● TASK TO COMPLETE
Would you transcribe the listing that follows word for word, skipping pictures?

* * *

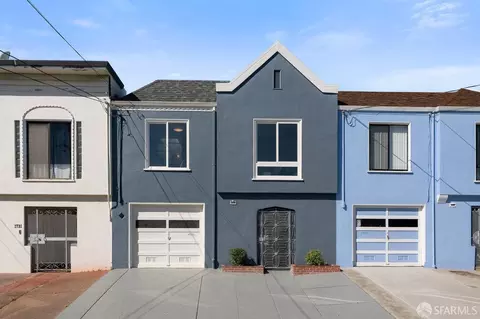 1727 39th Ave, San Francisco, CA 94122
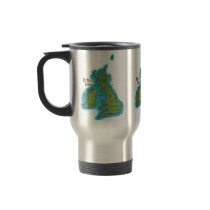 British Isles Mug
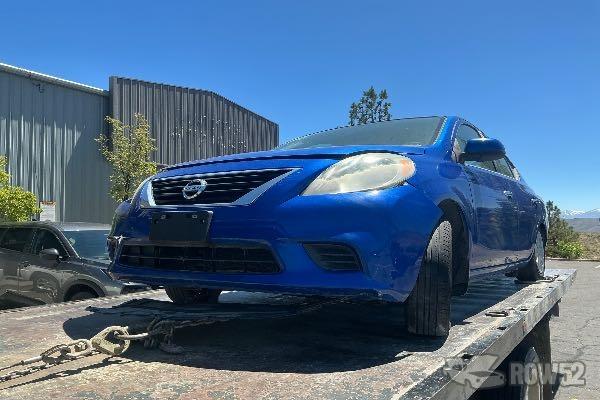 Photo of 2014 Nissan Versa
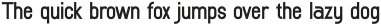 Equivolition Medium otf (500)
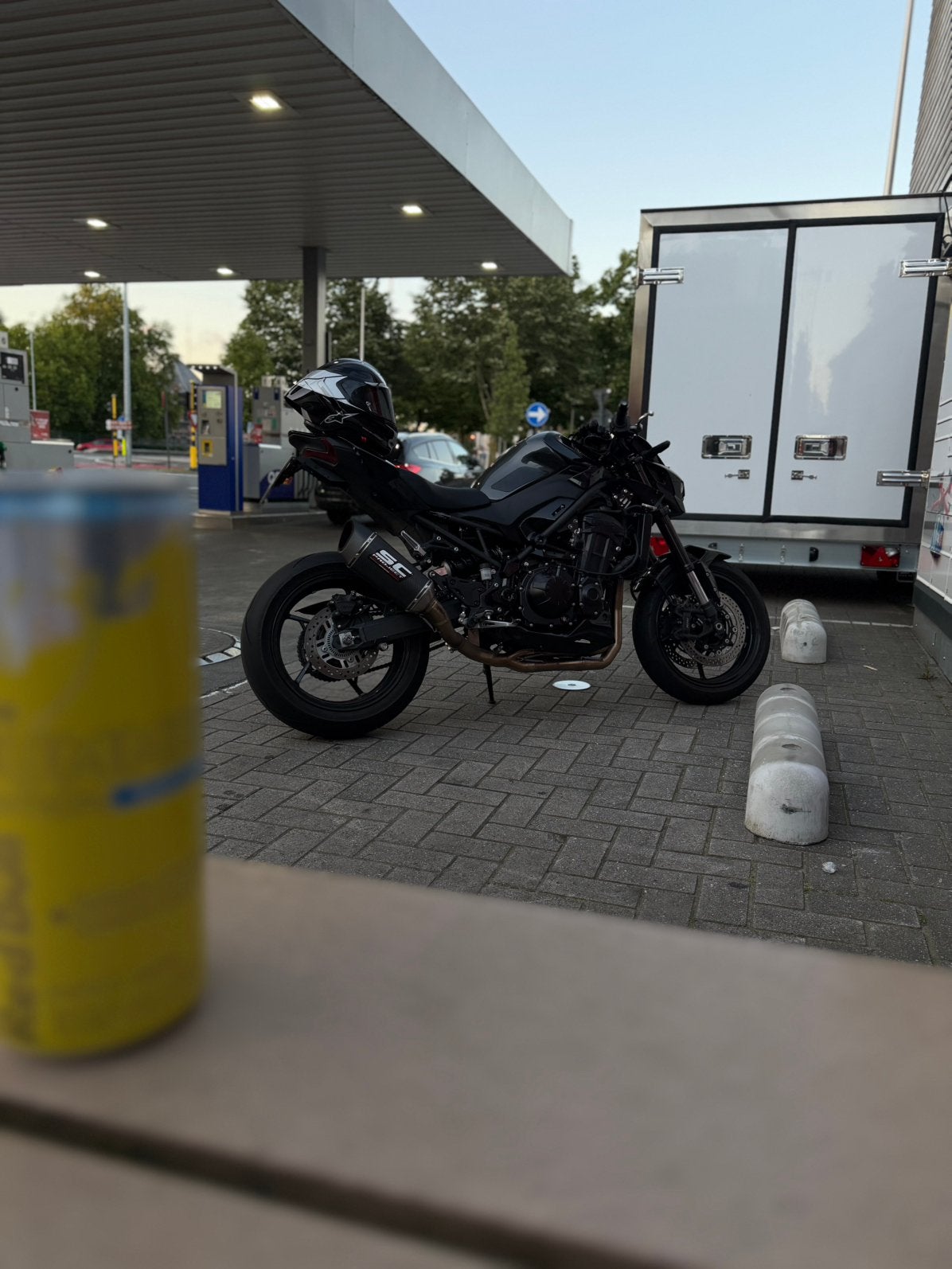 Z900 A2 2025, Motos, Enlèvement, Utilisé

* * *

● OUTPUT
 1727 39th Ave, San Francisco, CA 94122
 British Isles Mug
 Photo of 2014 Nissan Versa
 Equivolition Medium otf (500)
 Z900 A2 2025, Motos, Enlèvement, Utilisé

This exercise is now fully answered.